▸ Exercise requirements:
Return the data below unaltered, but strip out the pictures.

▸ Data:
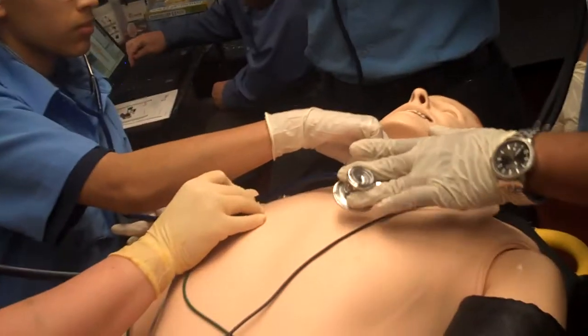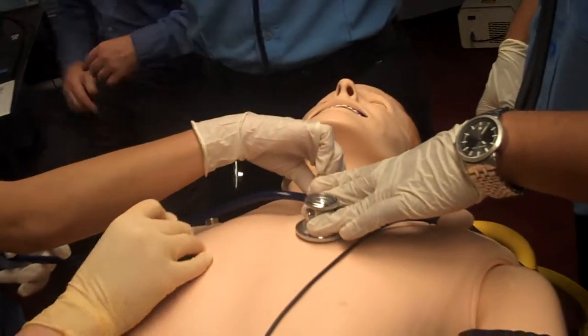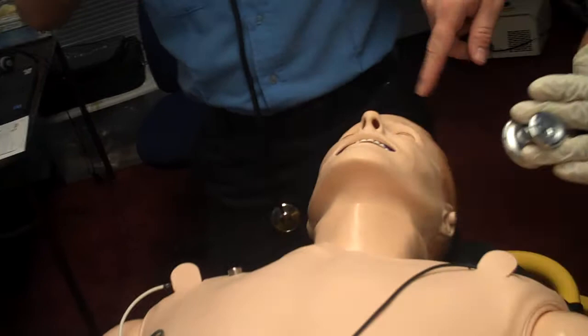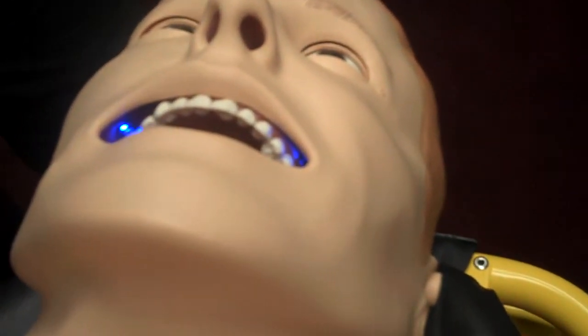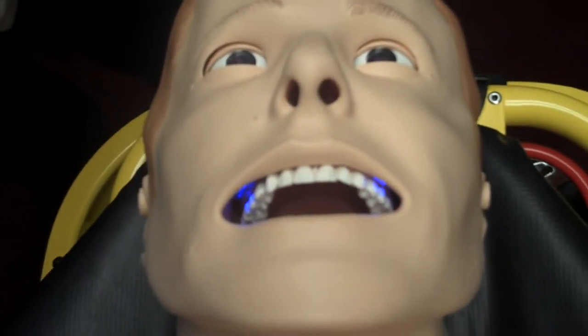I'll do that right now so you can see the cyanosis. Take a look around the lips — you can see the cyanosis around the lips there. Where if he's hypoxic, you can actually see that on the mannequin.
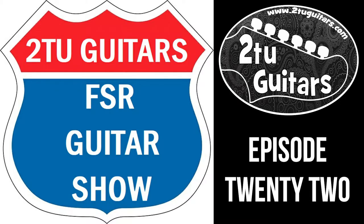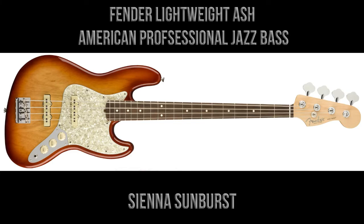Hi again everyone, welcome back to the latest edition of the Tutor Guitars FSR Guitar Show. This is episode 22, and this week we're going to feature the triumvirate of the limited edition lightweight ash series. This is the Fender Lightweight Ash American Professional Jazz Bass, finished in Sienna Sunburst.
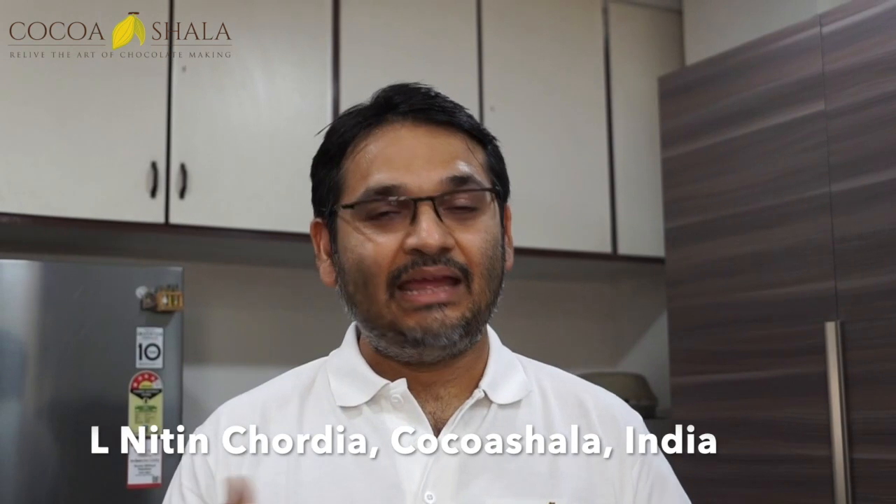Hello chocolate lovers, welcome to this episode of Cacao and Chocolate. We are unfortunately in this lockdown due to the pandemic, but we thought the best thing we could do is get you engaged, share some of our knowledge, and go back in time to the Mayan age and also to what happens today in Mexico.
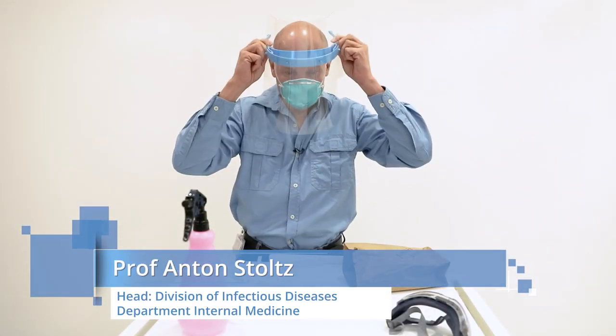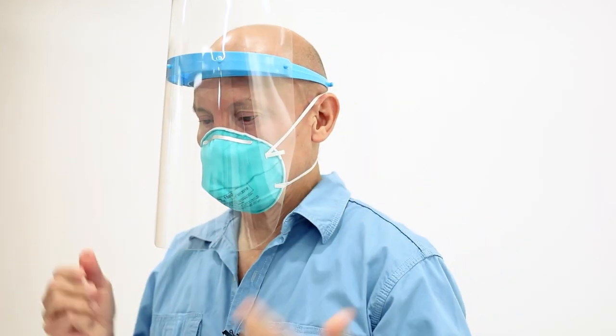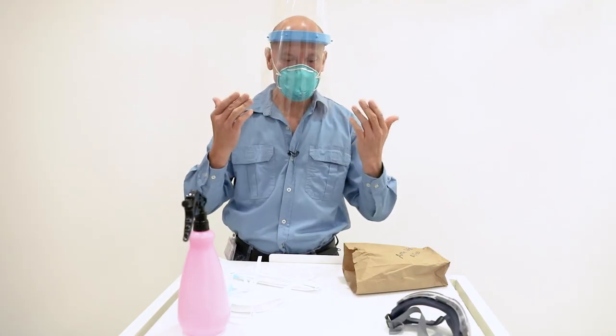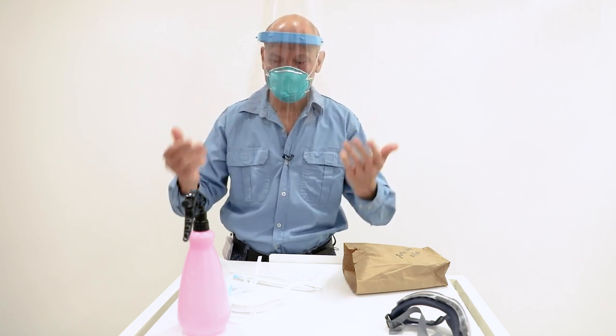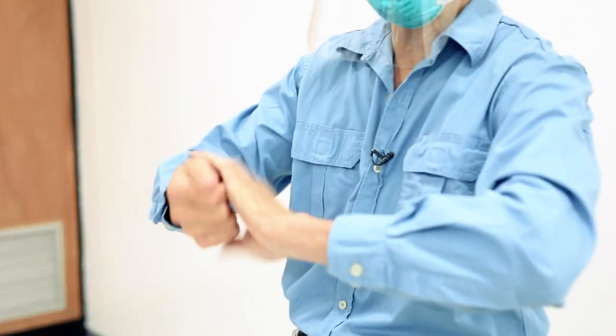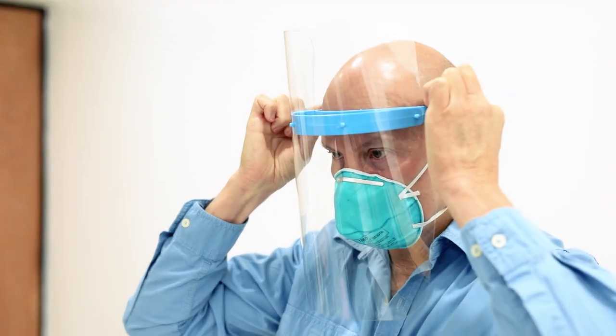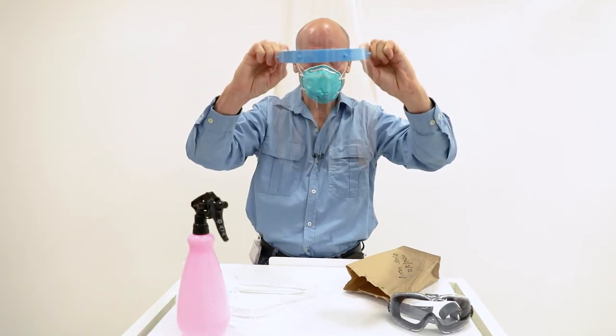The fitting, or donning, of this is not that important. You can have an elastic band at the back, but what is important is the removal. Make sure that your hands are very clean when you remove anything that's near your face. What you will do is touch it, pull it to the front and upwards, and away from your body.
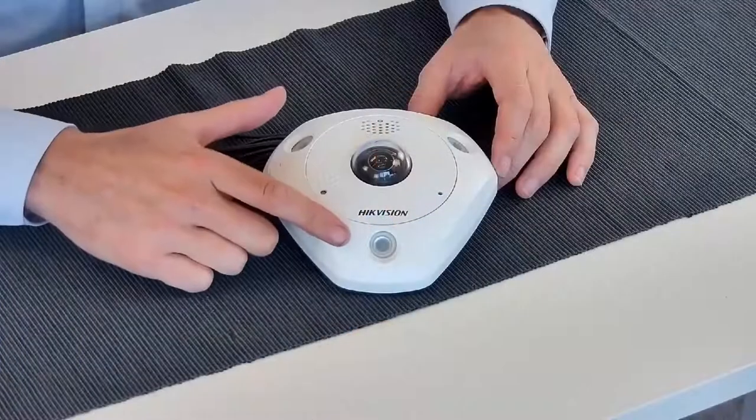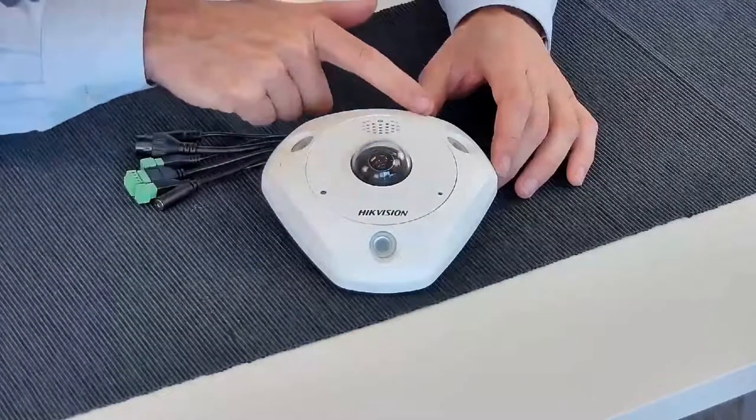Another change is the independent IR control. Now we can adjust all three IR lights independently, making an installation close to a wall or a corner more suitable. Finally, the hardware dewarping and H.265 compression technology completes the upgrade.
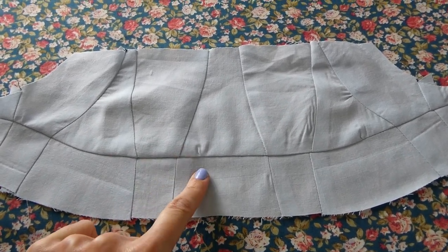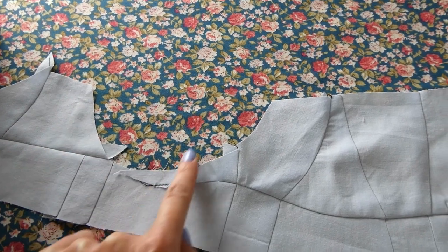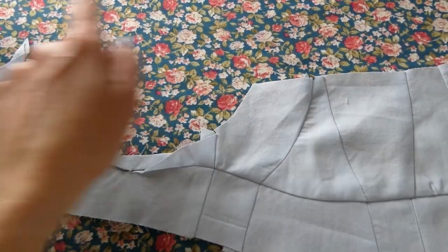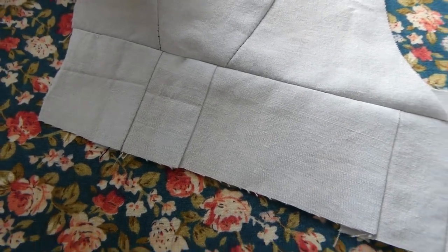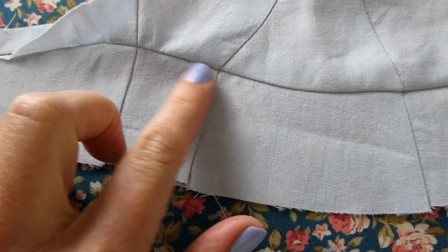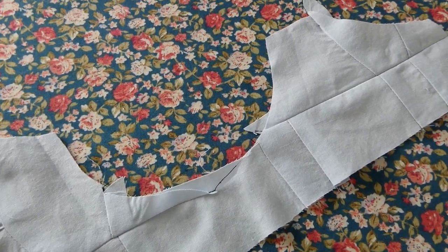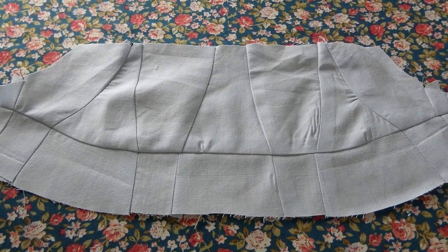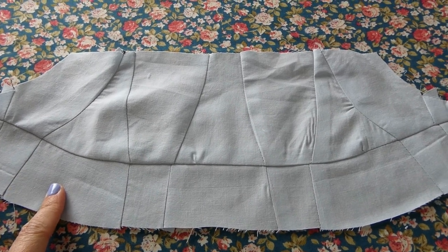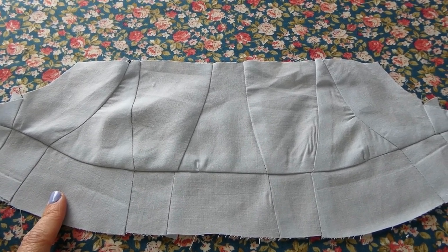I have now attached row two to row one. You can see the shaping for the armhole there. This does actually have a facing attached, but I'm not going to attach the facing for the toile — I'm going to put some fake straps on just so I can tie it on. On the whole I'm quite pleased with how that's gone. It's not 100% perfect, but this is a toile, and the more rows I do the more practice I get, so the more likely my final version will be better. I'm going to think about attaching row three and whether I need to start adding some of that extra seam allowance.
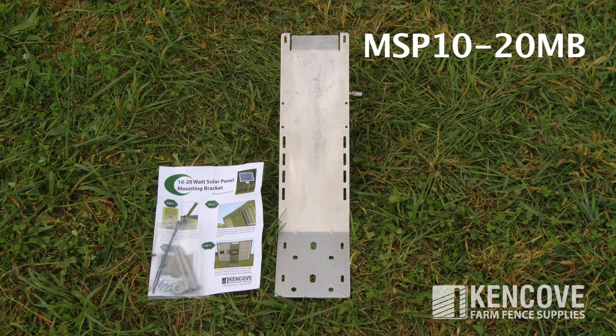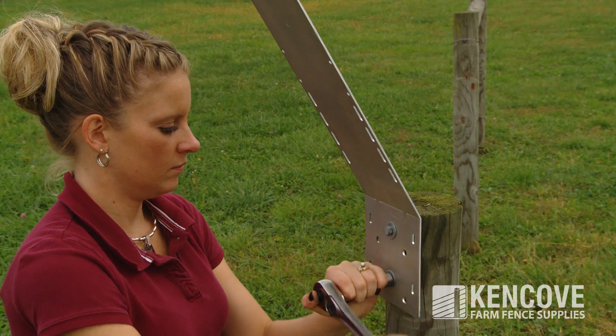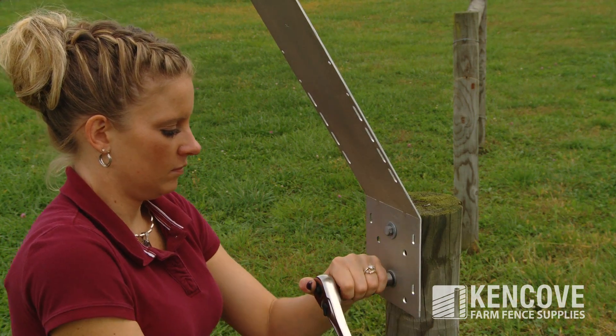The MSP1020MB is a one-piece bracket for up to a 20-watt panel. It is pre-bent to a 30-degree angle and also includes mounting hardware.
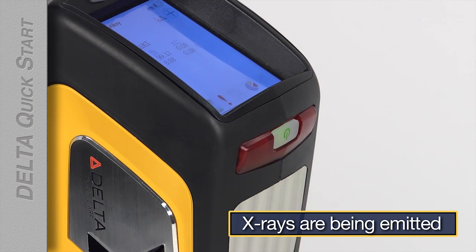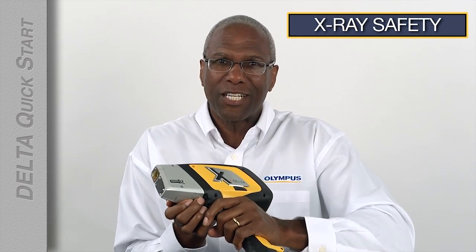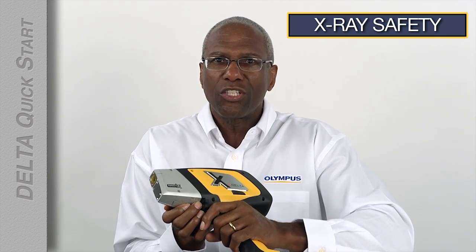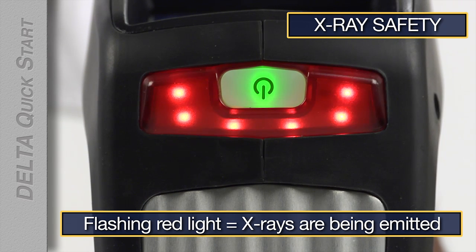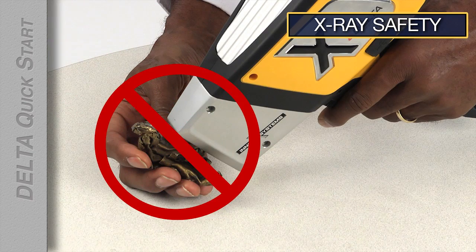CalCheck is an X-ray test, so the red X-ray indicator will be flashing to warn you that X-rays are being emitted. This is a good time to talk about X-ray safety. As long as you use your Delta Analyzer correctly and follow the recommended testing techniques and safety precautions found in your manual, you and everyone around you will be safe. Our instruments are secure and dependable, but there are a few things that are important for you to know. When the red light is flashing, X-rays are being emitted. Never point the analyzer at yourself. Never point the analyzer at anyone else. Never place your hand in front of the analyzer window.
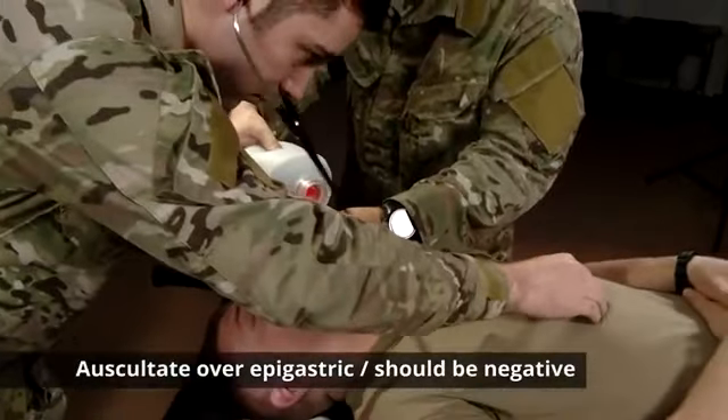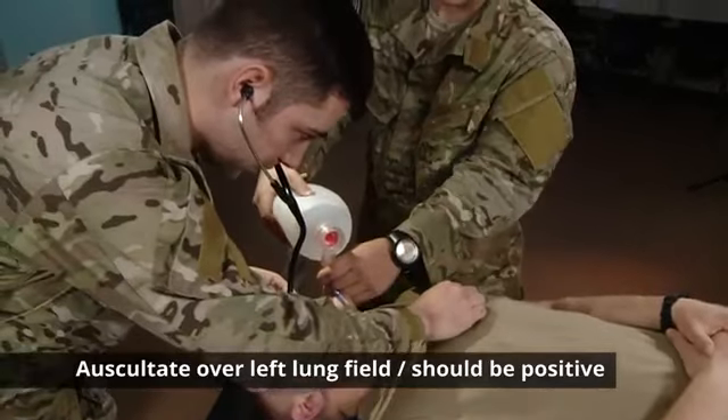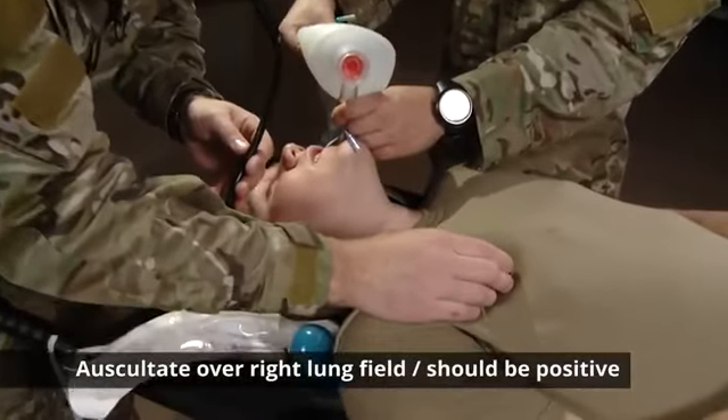Auscultate over the epigastric — negative epigastric. The left lung field — positive left. And the right lung field — positive right.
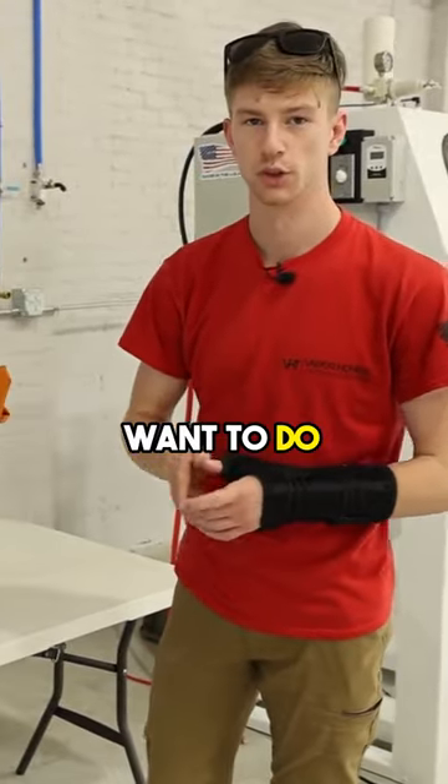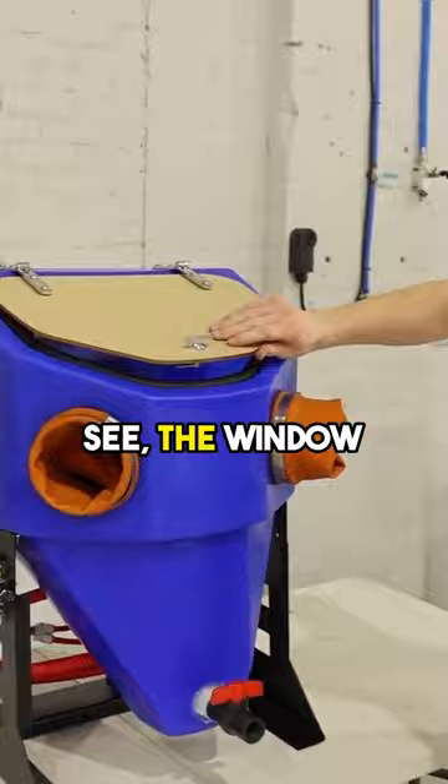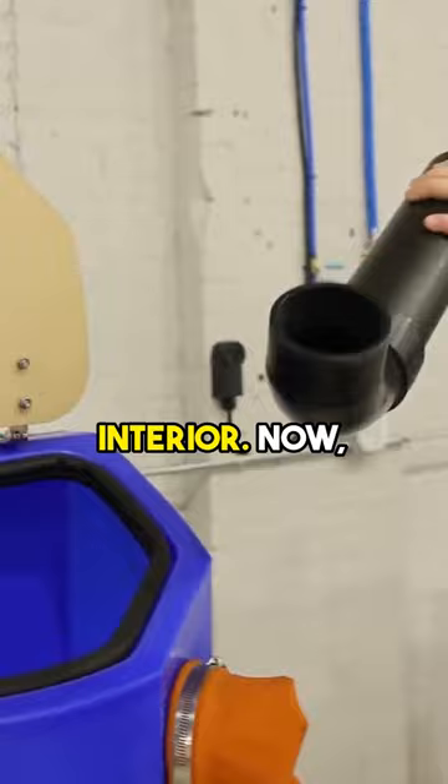The first thing you're going to want to do whenever you get one of these machines is — as you can see — the window is still going to have the protective film on it, and also your exhaust stack will be on the interior.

▸ Written answer:
I'll do that right now so you can see the cyanosis. Take a look around the lips — you can see the cyanosis around the lips there. Where if he's hypoxic, you can actually see that on the mannequin.
Hi again everyone, welcome back to the latest edition of the Tutor Guitars FSR Guitar Show. This is episode 22, and this week we're going to feature the triumvirate of the limited edition lightweight ash series. This is the Fender Lightweight Ash American Professional Jazz Bass, finished in Sienna Sunburst.
Hello chocolate lovers, welcome to this episode of Cacao and Chocolate. We are unfortunately in this lockdown due to the pandemic, but we thought the best thing we could do is get you engaged, share some of our knowledge, and go back in time to the Mayan age and also to what happens today in Mexico.
The fitting, or donning, of this is not that important. You can have an elastic band at the back, but what is important is the removal. Make sure that your hands are very clean when you remove anything that's near your face. What you will do is touch it, pull it to the front and upwards, and away from your body.
Another change is the independent IR control. Now we can adjust all three IR lights independently, making an installation close to a wall or a corner more suitable. Finally, the hardware dewarping and H.265 compression technology completes the upgrade.
I have now attached row two to row one. You can see the shaping for the armhole there. This does actually have a facing attached, but I'm not going to attach the facing for the toile — I'm going to put some fake straps on just so I can tie it on. On the whole I'm quite pleased with how that's gone. It's not 100% perfect, but this is a toile, and the more rows I do the more practice I get, so the more likely my final version will be better. I'm going to think about attaching row three and whether I need to start adding some of that extra seam allowance.
The MSP1020MB is a one-piece bracket for up to a 20-watt panel. It is pre-bent to a 30-degree angle and also includes mounting hardware.
CalCheck is an X-ray test, so the red X-ray indicator will be flashing to warn you that X-rays are being emitted. This is a good time to talk about X-ray safety. As long as you use your Delta Analyzer correctly and follow the recommended testing techniques and safety precautions found in your manual, you and everyone around you will be safe. Our instruments are secure and dependable, but there are a few things that are important for you to know. When the red light is flashing, X-rays are being emitted. Never point the analyzer at yourself. Never point the analyzer at anyone else. Never place your hand in front of the analyzer window.
Auscultate over the epigastric — negative epigastric. The left lung field — positive left. And the right lung field — positive right.
The first thing you're going to want to do whenever you get one of these machines is — as you can see — the window is still going to have the protective film on it, and also your exhaust stack will be on the interior.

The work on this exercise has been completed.